George
George

Reputation: 7317

What, formally speaking, is a react component?

Consider

var MyComponent = React.createClass({
  render: function() {
    //...
  }
});

as well as

var element = React.createElement(MyComponent);

Which specifically, or where specifically, is the "component"? Is it the object returned by the call to React.createClass(..)? Is it the object returned by React.createElement(..)? Is it behind the scenes somewhere in between?

Upvotes: 1

Views: 61

Answers (3)

George
George

Reputation: 7317

This post answers the question in great detail.

In short: components are -- literally speaking -- functions that take an object with a props field and, in turn, return a React.Element. Components can be pure functions, or JS classes (which are functions with syntactic sugar over them anyway). You can define a component via React.createClass; the output of React.createClass is -- as I understand it -- still literally a component (although several instances of it can be instantiated behind the scenes via React, each of which can be accesssed via this within the class definition; these instances are also components).

Finally, React.Element is nothing but a "description" of a component instance or a dom node. Literally, it is a javascript object with fields like props and children (it also has a field type, which is described in the article). Crucially, an instance of a React.Element is NOT a component; it merely describes one. Moreover, the output of a React.createClass() is a component, as well as any function that takes an object with a prop field and returns an instance of a React.Element.

Upvotes: 0

Carl Vitullo
Carl Vitullo

Reputation: 923

There's a post on the React blog that answers your question.

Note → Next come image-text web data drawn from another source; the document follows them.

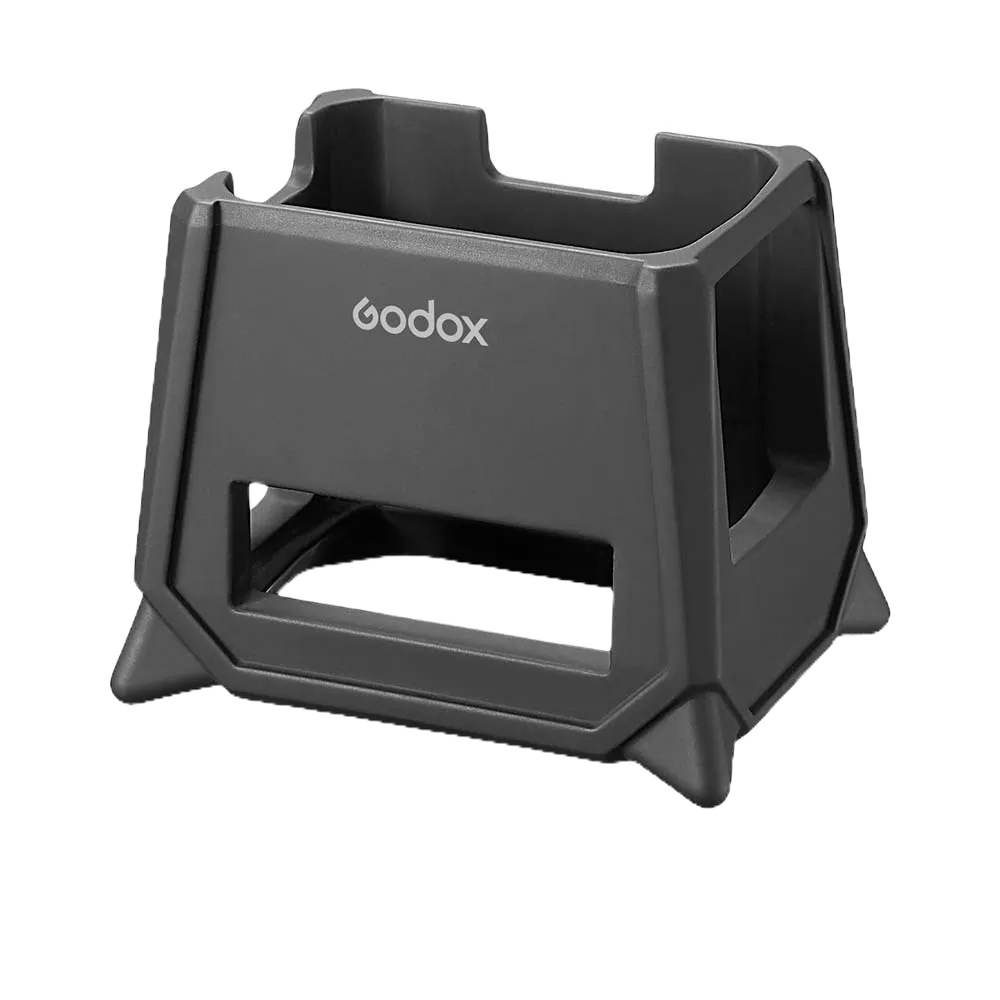 Godox神牛 AD200pro-PC AD200pro 矽膠保護套 燈具保護 落地燈座 便攜 相機專家 公司貨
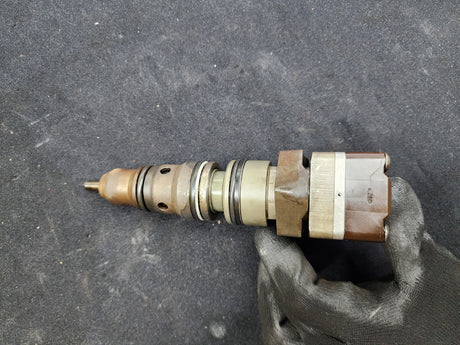 Caterpillar 3126 Engine AD Fuel Injector AD1831551C1 For Sale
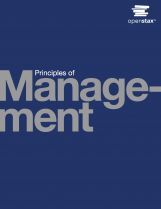 Principles Marketing-WEB Principles Marketing-WEB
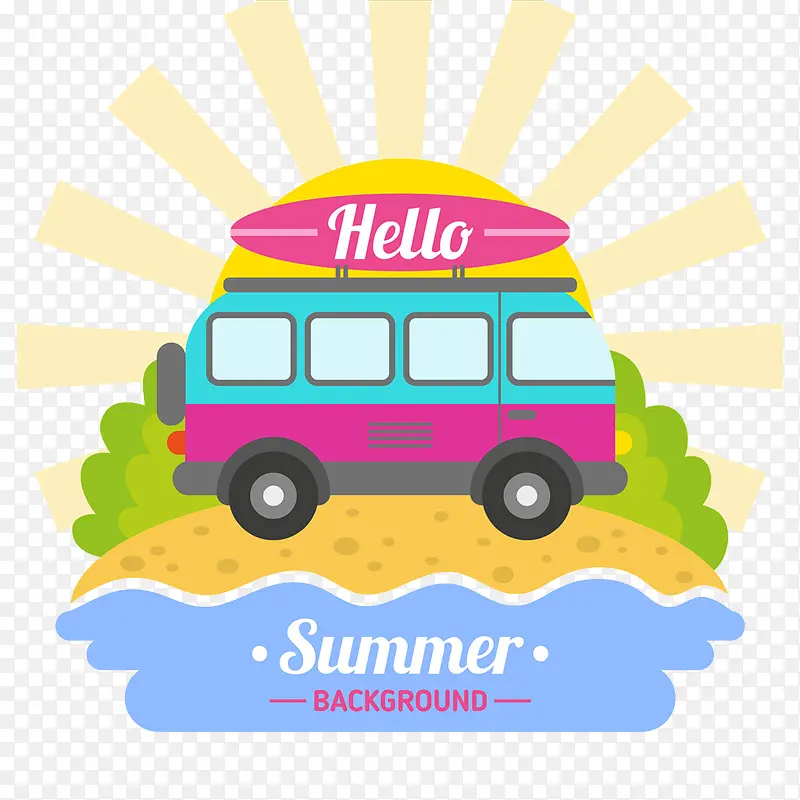 ��ͨ��ɫС����-������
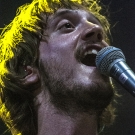 Preview Image 1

http://facebook.github.io/react/blog/2015/12/18/react-components-elements-and-instances.html

Basically, components are your class definitions, elements are created from your components in render(), and instances are your component's representation in the DOM.

Upvotes: 1

Obviously http://facebook.github.io/react/ is the authority here - a component is conceptual construct that has properties, state, and a render function. Although the first two are optional. Components are typed using a "class" (ES5 prototypes, ES6 classes, etc), which React is formally made aware of using the createClass function. Component instances are elements in a larger whole, loaded into a UI context (the browser, a phone, whatever), usually called an app, and created with createElement.